[What you will do] When you copy from the entries that follow, take only the lines from the one with "Cake Batter Pouring" down to the one with "10-14k yellow gold", keeping both ends and dropping every picture.
[[ Material for the task open ]]
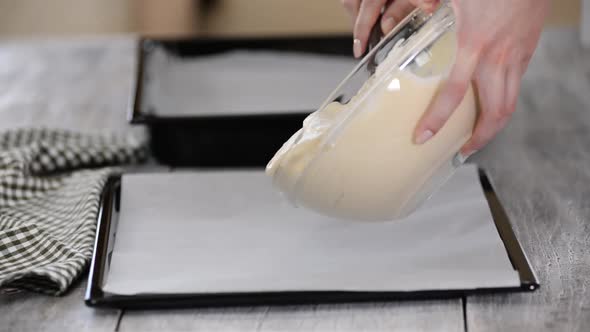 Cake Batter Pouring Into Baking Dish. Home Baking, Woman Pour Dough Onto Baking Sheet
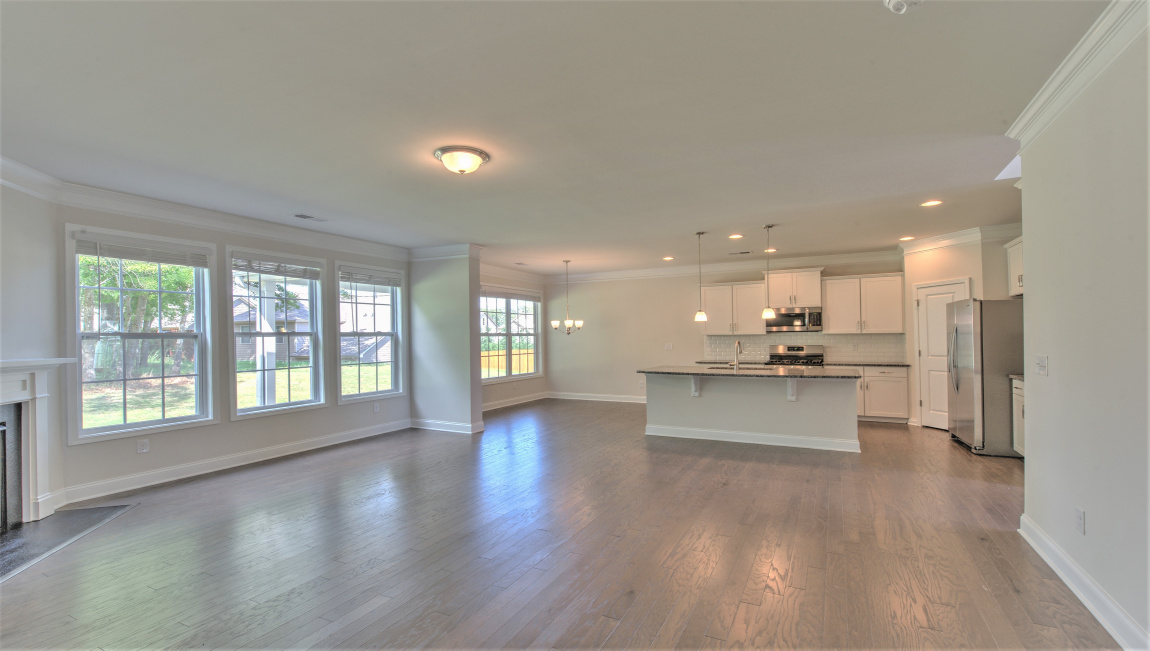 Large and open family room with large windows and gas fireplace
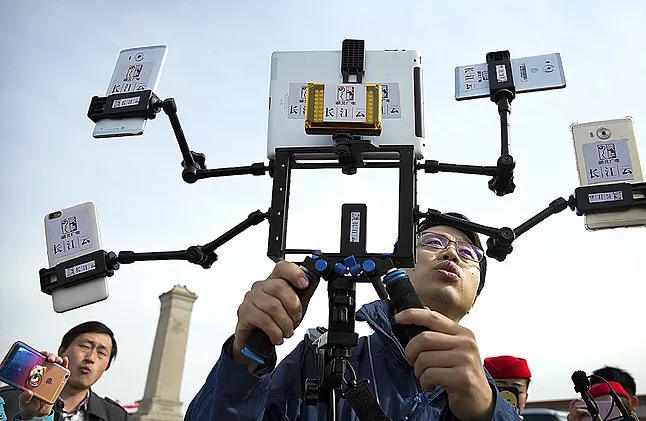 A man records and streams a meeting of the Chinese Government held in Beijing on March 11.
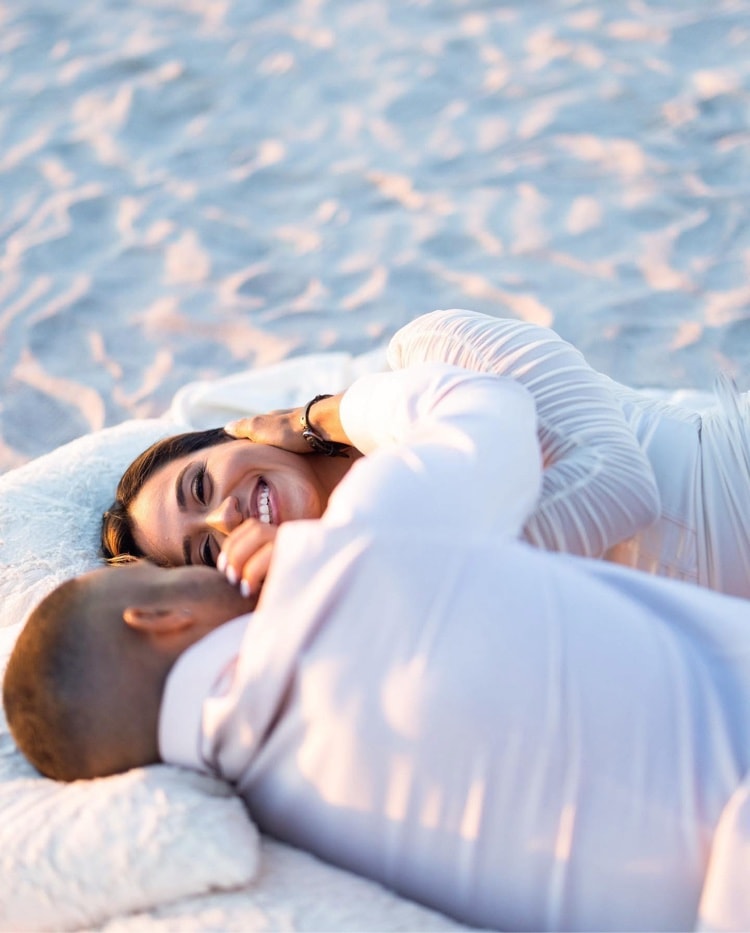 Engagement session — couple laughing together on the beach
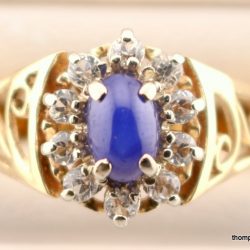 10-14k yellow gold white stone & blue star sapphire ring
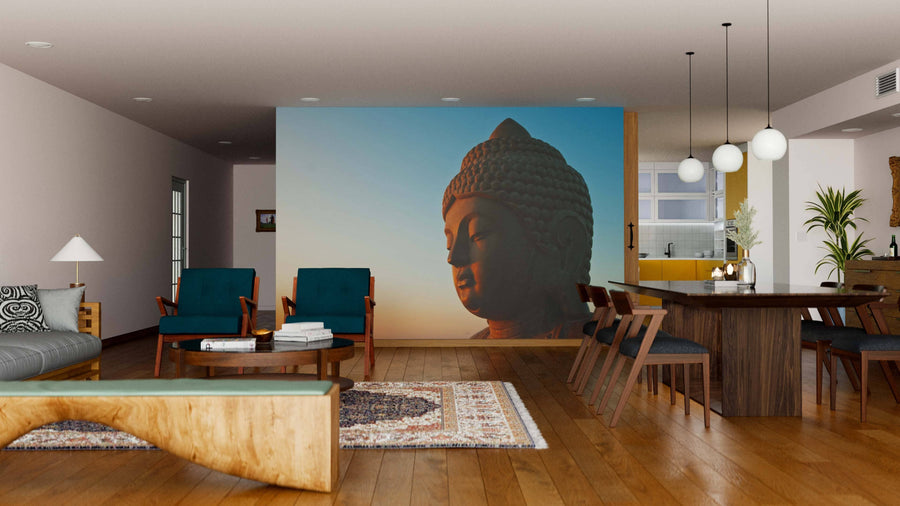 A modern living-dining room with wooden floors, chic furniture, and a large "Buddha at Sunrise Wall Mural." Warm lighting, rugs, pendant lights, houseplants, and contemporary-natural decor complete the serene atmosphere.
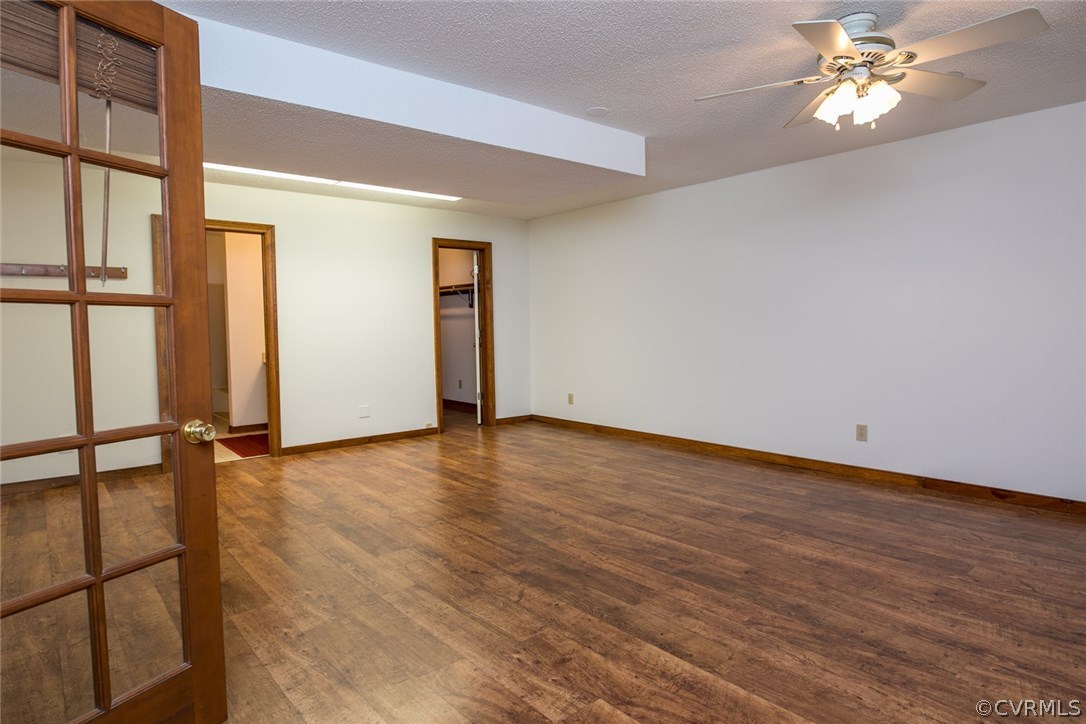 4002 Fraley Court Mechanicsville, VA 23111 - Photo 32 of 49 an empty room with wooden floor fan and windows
[[ Material for the task closed ]]
[[ Material for the task open ]]
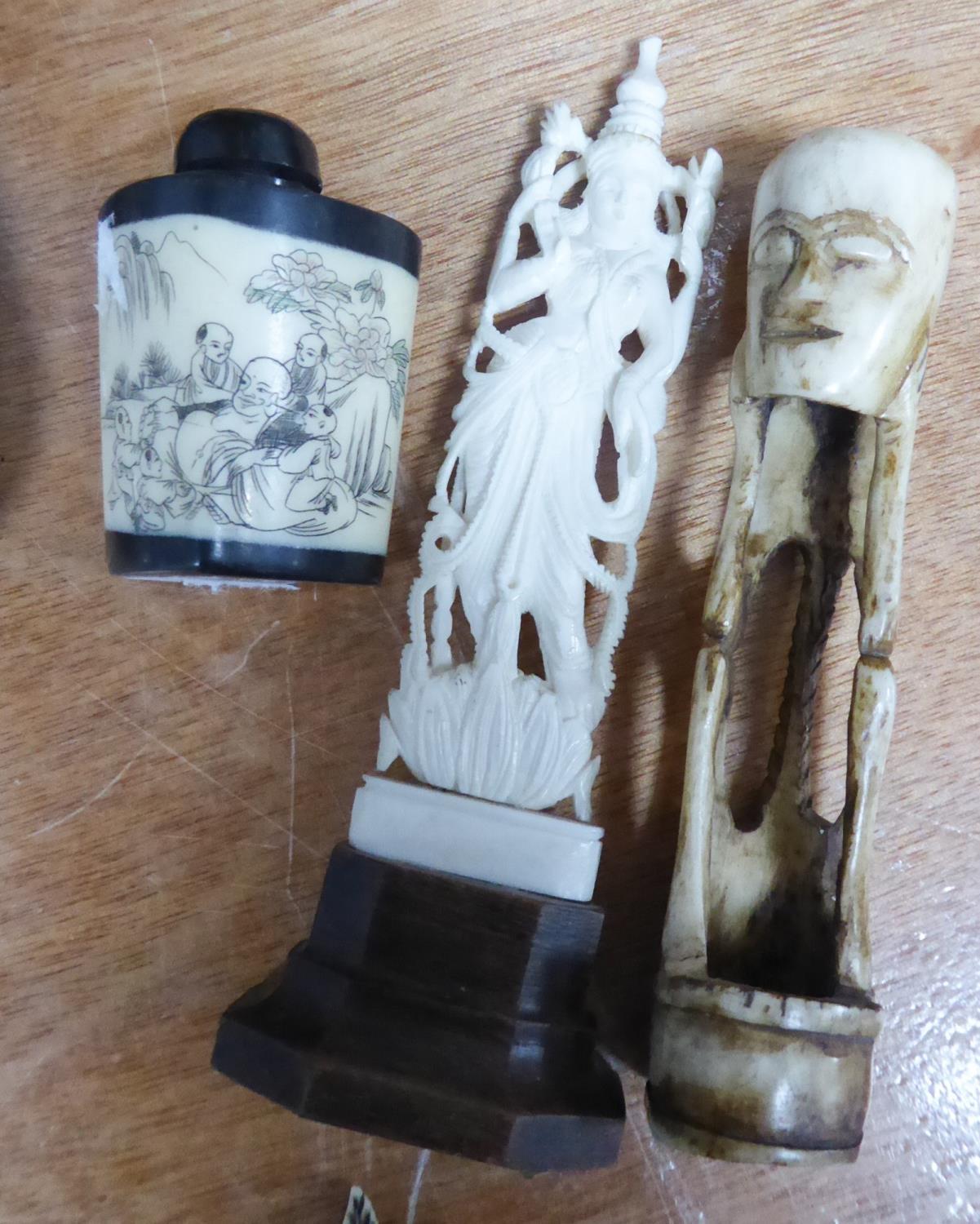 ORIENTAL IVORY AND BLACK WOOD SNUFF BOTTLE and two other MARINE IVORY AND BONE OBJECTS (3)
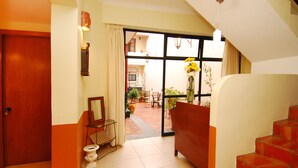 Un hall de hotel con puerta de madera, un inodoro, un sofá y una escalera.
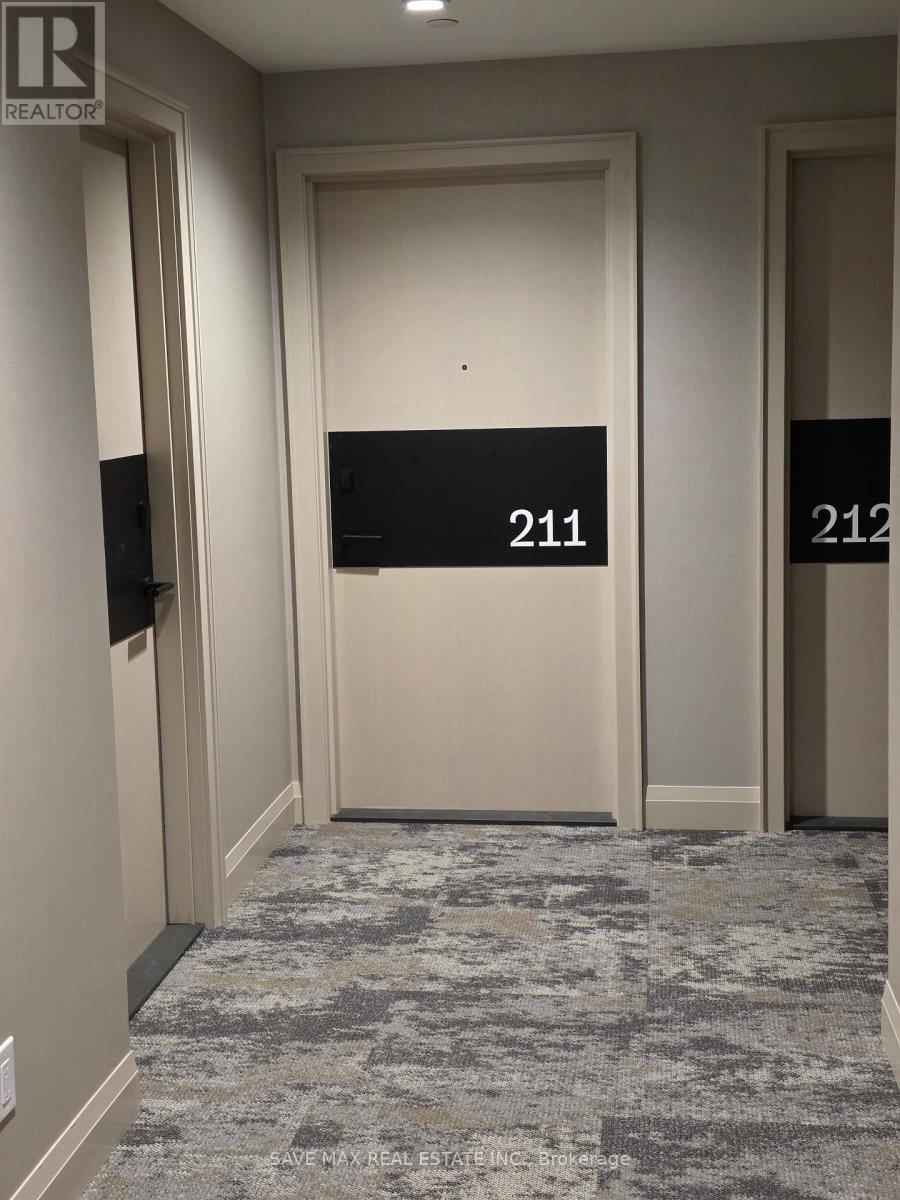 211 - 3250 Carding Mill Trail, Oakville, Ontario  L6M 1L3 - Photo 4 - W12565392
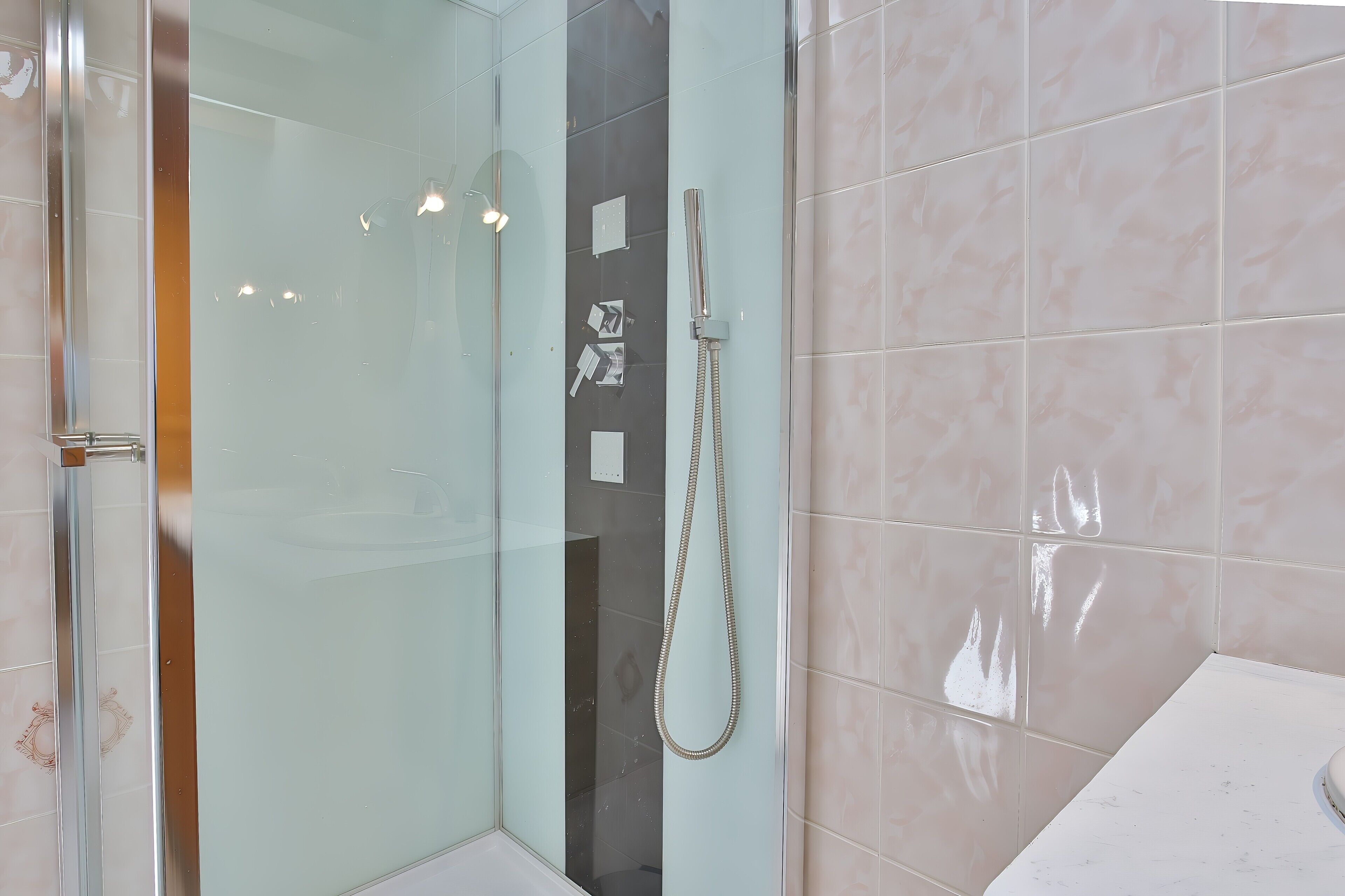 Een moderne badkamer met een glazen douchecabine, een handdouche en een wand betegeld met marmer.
[[ Material for the task closed ]]
[Solution to the exercise]
 Cake Batter Pouring Into Baking Dish. Home Baking, Woman Pour Dough Onto Baking Sheet
 Large and open family room with large windows and gas fireplace
 A man records and streams a meeting of the Chinese Government held in Beijing on March 11.
 Engagement session — couple laughing together on the beach
 10-14k yellow gold white stone & blue star sapphire ring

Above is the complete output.